Eu costumo dizer uma coisa que eu acho que é chave para que possamos entender o carnaval. O carnaval – ao contrário do que a gente imagina – é uma festa com uma tradição muito politizada na história brasileira. Então, você pega, por exemplo, os carnavais do século 19, eram festas que problematizavam a abolição da escravatura e a disputa pela terra. Ainda no século 19 tínhamos também o entrudo – uma festa extremamente popular de origem portuguesa – e, ao mesmo tempo, tínhamos o carnaval mais elitista, dos salões, as festas das grandes sociedades. A rigor, o carnaval é uma festa disputada. Ele pode ser mais elitista ou mais popular. Particularmente eu não acho que seja uma coisa ou outra, ele é tensionado, existe uma disputa pelo carnaval, sempre foi assim.
No ano passado a Paraíso do Tuiuti trouxe um enredo marcado pelas críticas sociais e governamentais, esse ano a Mangueira homenageia Marielle, isso significa uma mudança do olhar social das escolas de samba?
Quando a gente fala de carnaval de escola de samba é importante entender o seguinte: A escola de samba não é exatamente uma instituição de resistência convencional como a gente imagina que seja uma instituição de resistência. Desde suas origens na década de 1930, as escolas negociam com o Estado, com a contravenção, com o turismo, com a mídia, com o mercado. As agremiações alteram momentos de resistência, momentos de negociação e de adesão.
Politizou o governo Floriano Peixoto (1839-1895), o governo Hermes da Fonseca (1910-1914), satirizou poderosos, têm enredos que foram adesistas ao Estado Novo de Getúlio Vargas e a ditadura militar. Ao mesmo tempo, você tem enredos críticos a todo esse processo. Então, o que acontece em relação às escolas de samba é que a crise que atingiu os barracões nos últimos anos foi terrível, mas, ao mesmo tempo, foi positiva no seguinte sentido: as escolas de samba vinham aderindo a enredos muito marcados pela força do mercado porque você tinha uma marca que patrocinava a escola que, por sua vez, aceitava o dinheiro, mas o que aconteceu? Isso começou a mudar porque esse dinheiro sumiu e quando esse dinheiro some as escolas de samba precisam mudar e ai vem, por exemplo, carnavalescos como Leandro da Mangueira, Jacques Vasconcelos da Paraíso do Tuiuti, que são pessoas com uma pegada mais progressista, mais de esquerda e propõem enredo com cunho social mais efetivo.

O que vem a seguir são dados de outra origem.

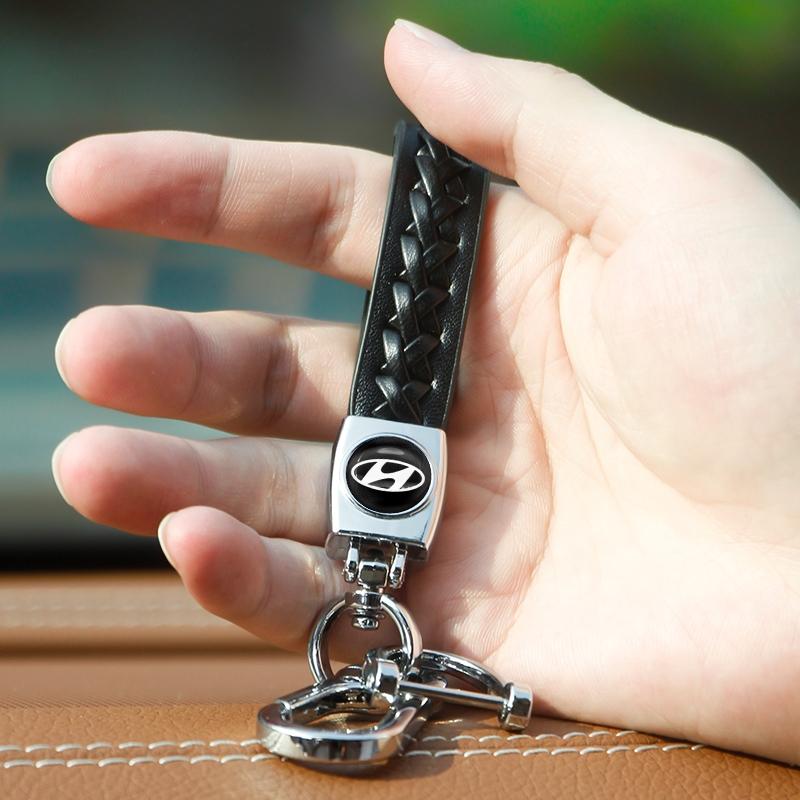 Hyundai Car Logo Leather Keychain, Woven Leather Strap Design, Metal Clip Key Holder, Durable Alloy Car Key Ring, Fashionable Alloy Keychain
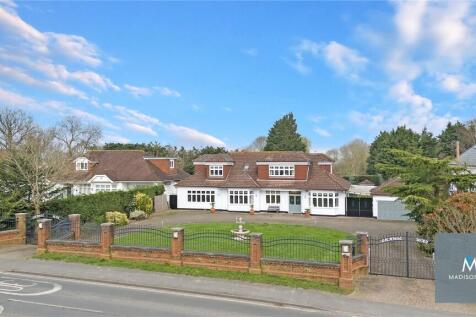 Oak Hill Road, Romford RM4 5 bed detached house for sale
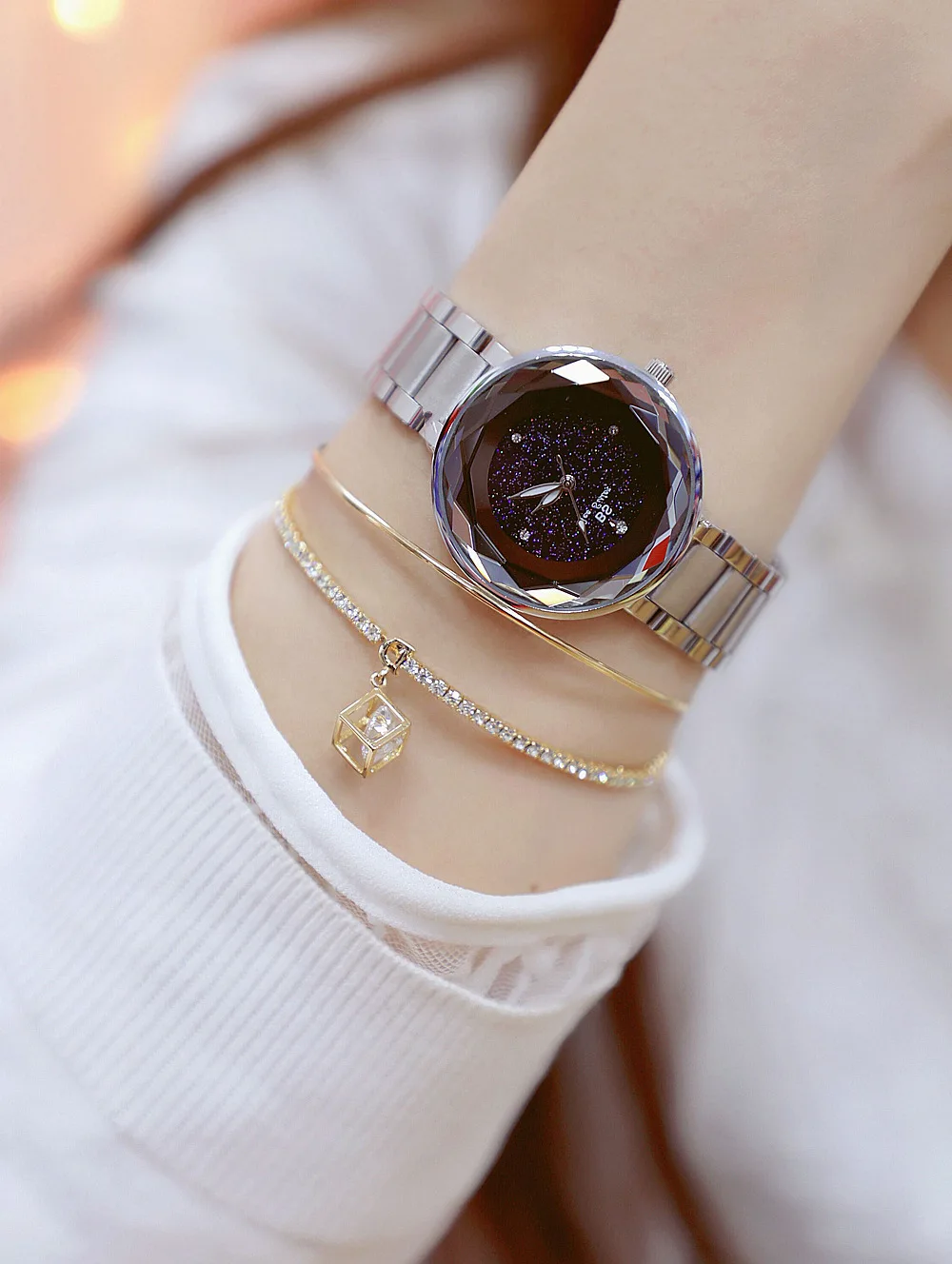 9338995245_381868954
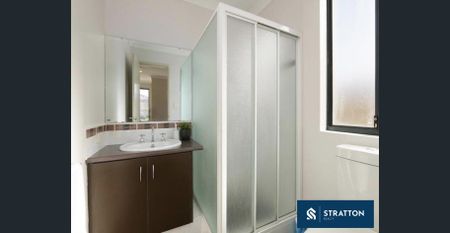 Spacious Family Living in the Heart of Canning Vale - Photo 3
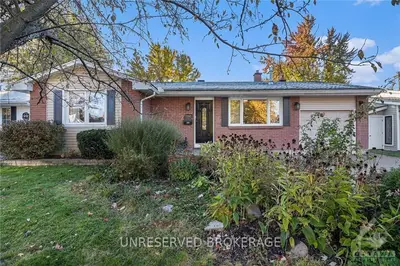 Detached in Beacon Hill North - South and Area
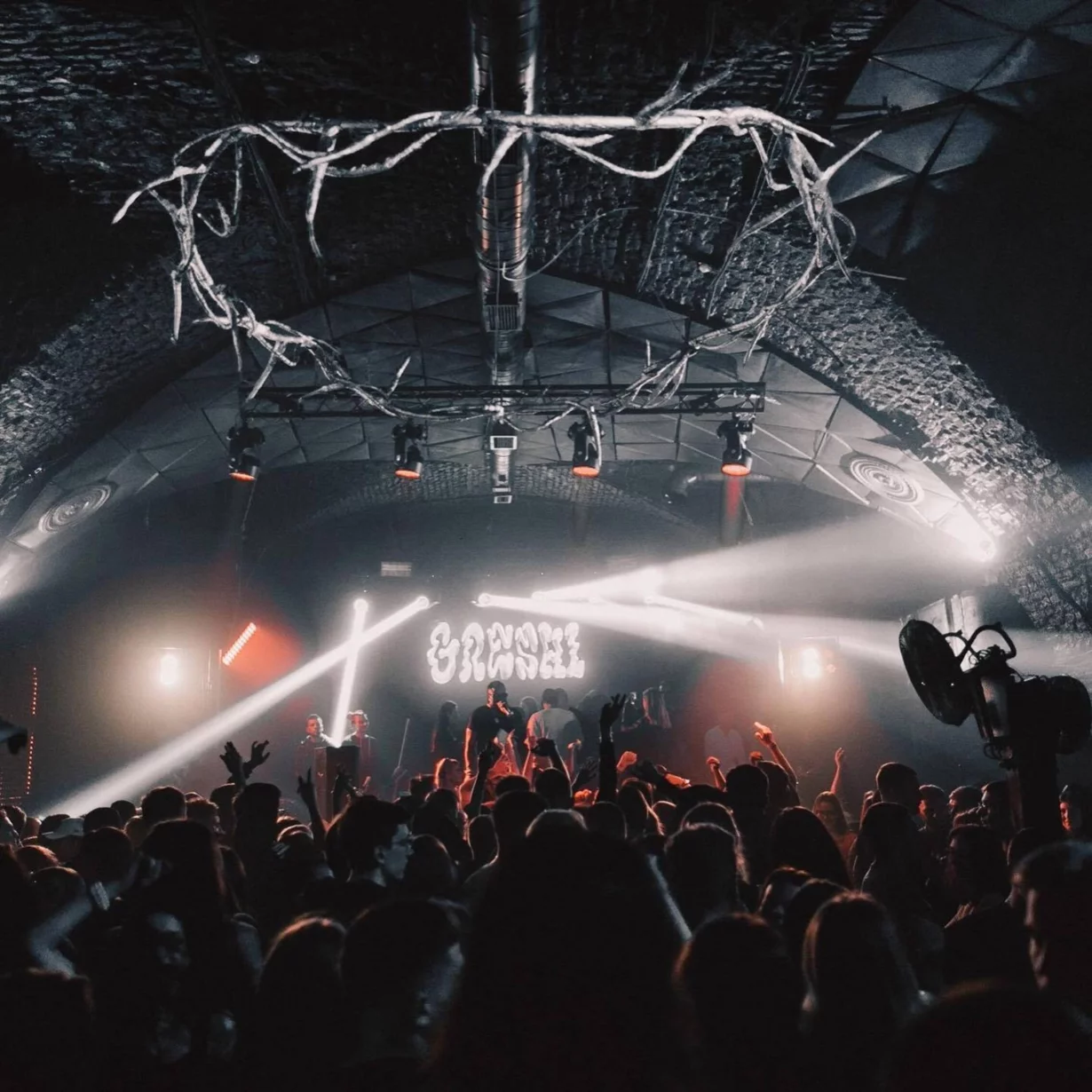 Hard rock конюшенная площадь 2в фото Клуб "VNVNC" / "Виновница", Санкт-Петербург: бронирование, цены, меню, адрес, фо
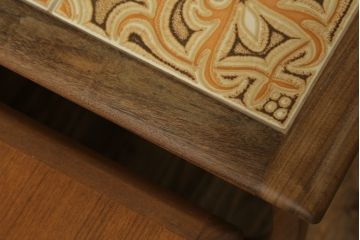 イギリスビンテージ　G-PLAN(ジープラン)　タイルトップがお洒落なネストテーブル(サイドテーブル、カフェテーブル、コーヒーテーブル、ローテーブル、英国、ヴィンテージ、北欧)(R-065832)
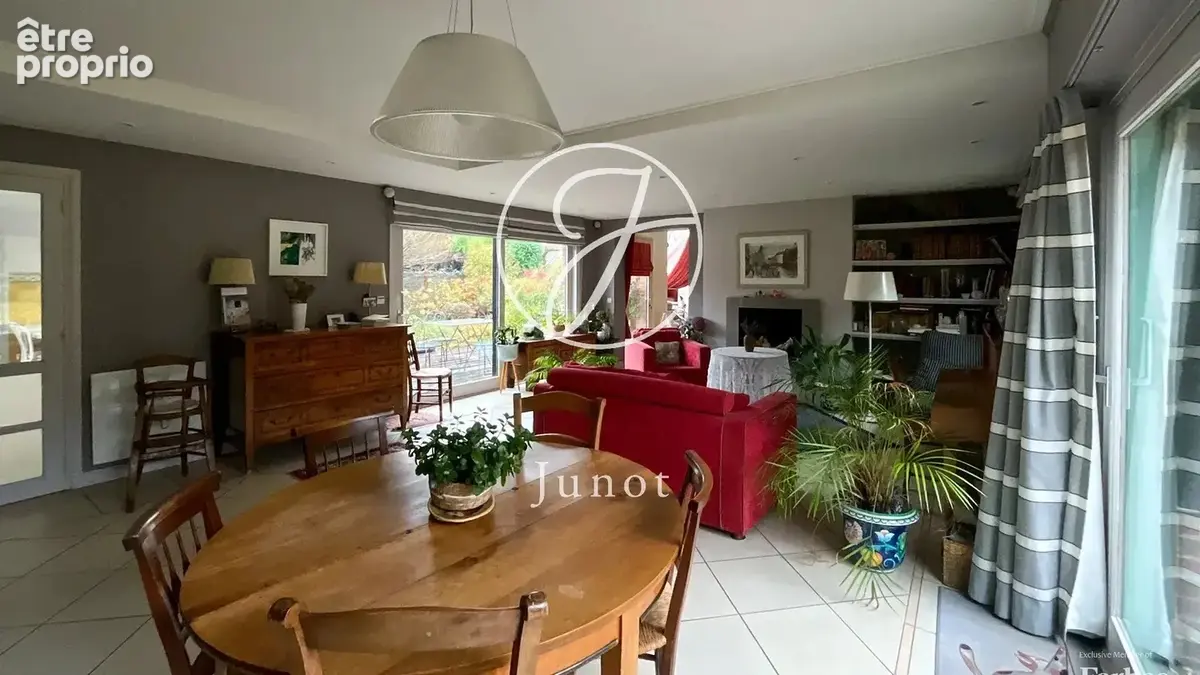 Ennetières-en-Weppes - CENTRE - Maison à vendre - 8 pièces - 206m² - 5 chambres - Jardin - Terrasse - Stationnements - photo 3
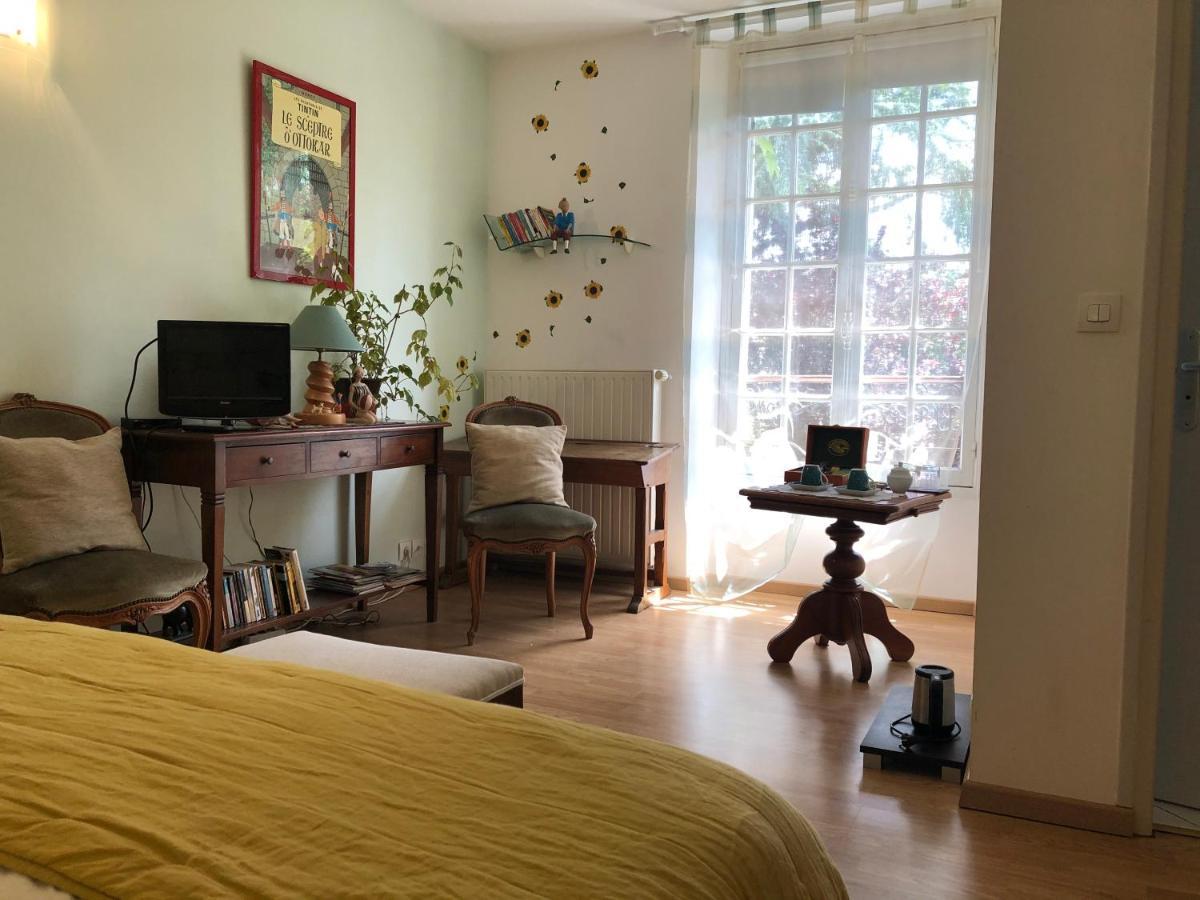 Le Cedre Bleu Bed & Breakfast Grosrouvre ภายนอก รูปภาพ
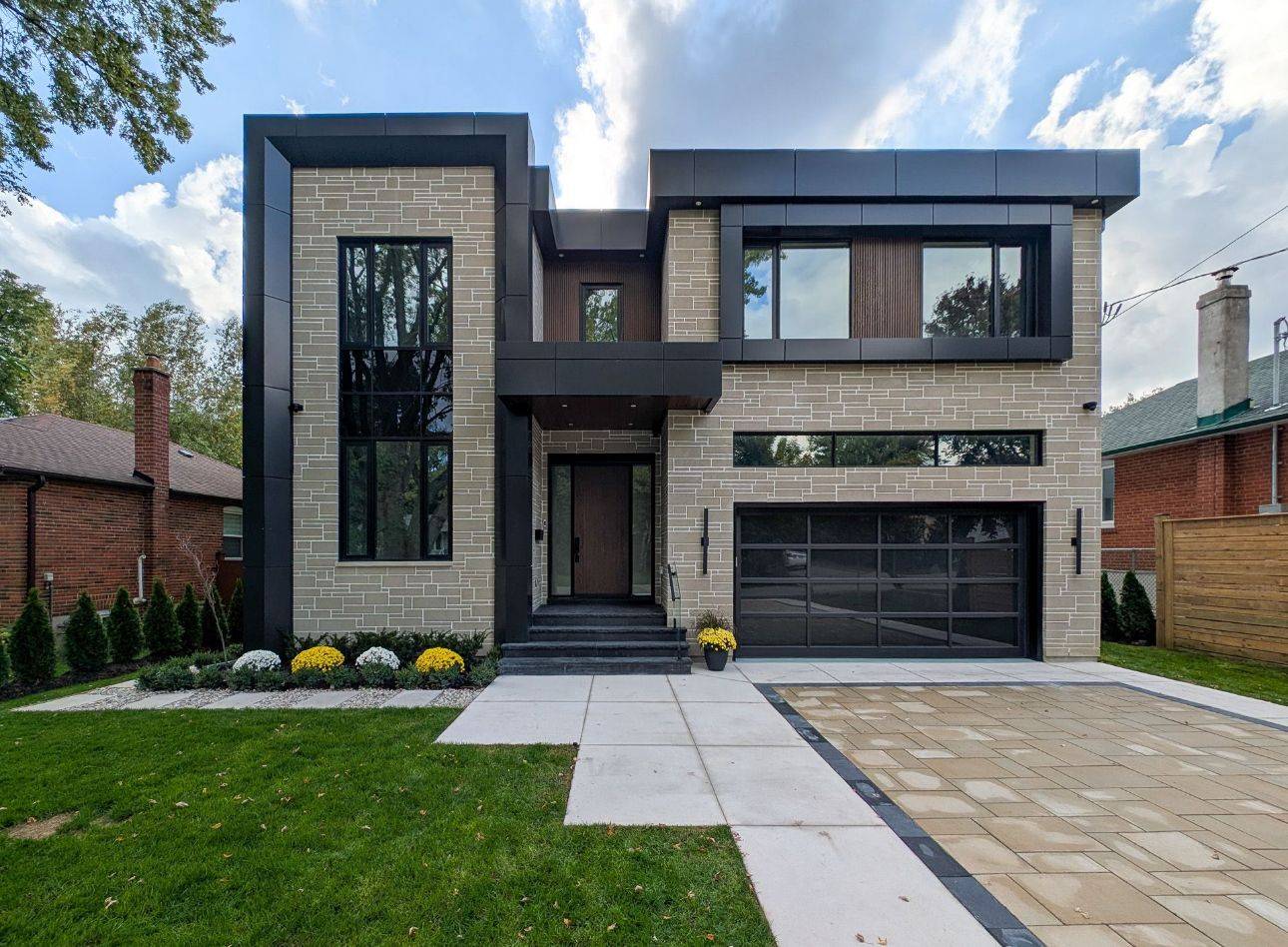 Mississauga, ON L5G 4C8,1526 Garnet AVE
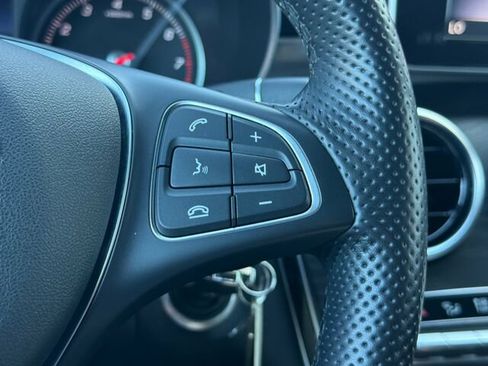 Used 2019 Mercedes-Benz GLC 350e 4MATIC image 29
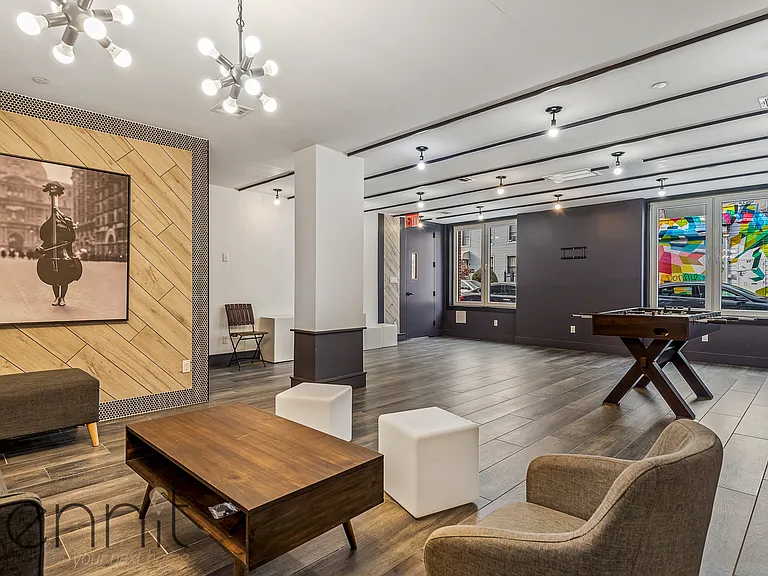 100 Suydam St #3L — Photo 15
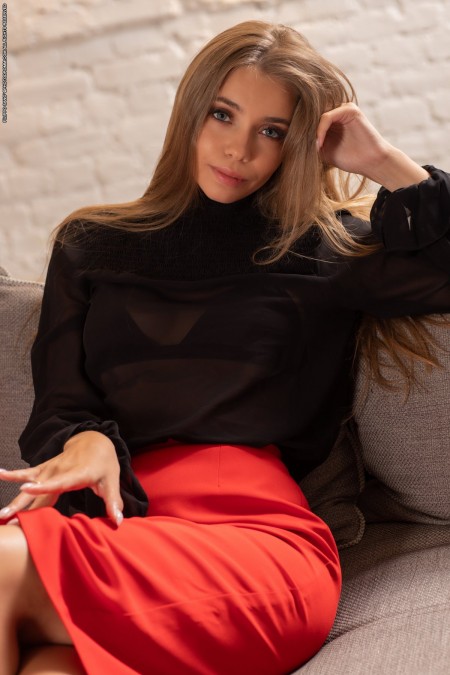 Изящная модель Anella Q в смелой фотосессии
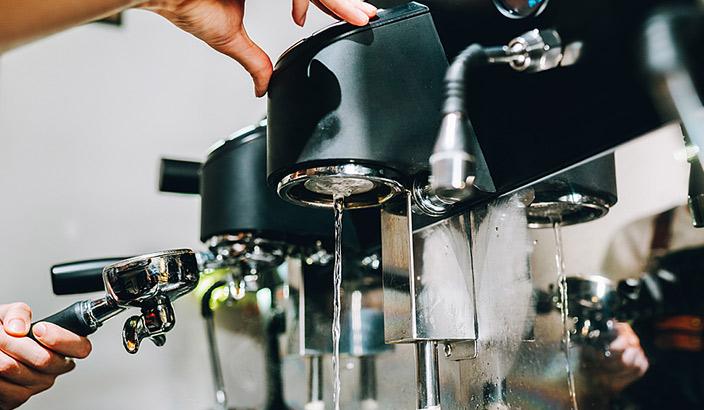 Femme qui prépare un café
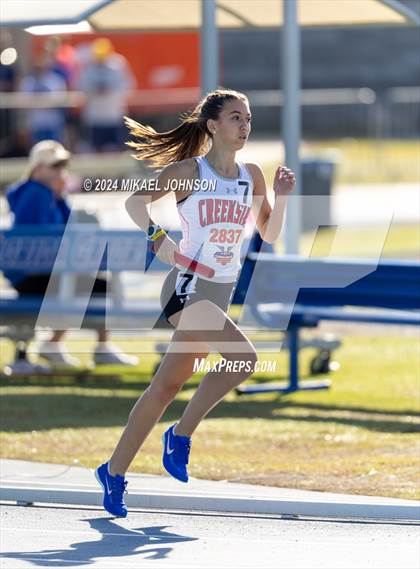 Thumbnail 3 in UF Relays (Saturday - 4 x 800 Meter Heat 1) photogallery.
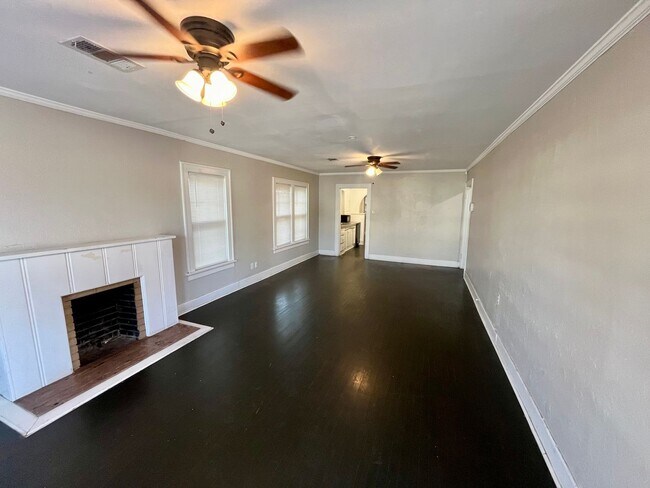 Foto del edificio - 6 month lease available One Block from Texas Tech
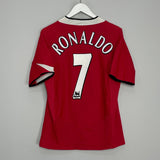Shop 2004/06 MANCHESTER UNITED RONALDO #7 HOME SHIRT (M) NIKE, classic football shirts, vintage football shirts & retro soccer jerseys at Cult Kits
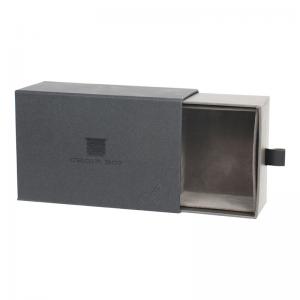 Csúsztatható kartonpapír dobozok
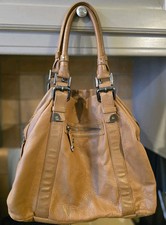 Kenneth Cole tan leather shoulder bag in good condition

Além disso, hoje nós podemos ver um avanço muito significativo nas pautas comportamentais, que foram respondidas com um discurso de retrocesso. Os festejos de Rio, São Paulo, Belo Horizonte têm apresentado uma grande novidade, que é o protagonismo da mulher brincando o Carnaval. Em 2019 as pautas do campo comportamental, que envolvem tolerância contra o obscurantismo, serão uma marca muito efetiva.
O atual governo e sua composição parece querer acabar com o carnaval e com quaisquer manifestações culturais. Como lidar com mais esse golpe?
O carnaval satiriza, lida com a galhofa, com o simulacro, então eu acho que quem diz que o carnaval é um momento de alienação devia estudar melhor a história da festa porque essa sempre foi uma festa que esteve relacionada à política seja como adesão ou como resistência. Então, você tem um momento como esse em que temos governos reacionários, o Rio de Janeiro tem que lidar como uma prefeitura neopentecostal da igreja Universal do Reino de Deus que demoniza o carnaval. O governo federal recém-eleito é um governo que demonstra claramente que não tem a menor aptidão para gostar do carnaval, da festa, e é por isso mesmo que ele tem que ser criticado, De certa forma, os carnavais em momentos de crise são mais potentes porque a festa é um instrumento de subversão, é um exercício de cidadania por canais que não são formais, é cultura de fresta. Diante disso, me parece que politizar o carnaval, foi, é e vai continuar sendo fundamental na história do nosso país.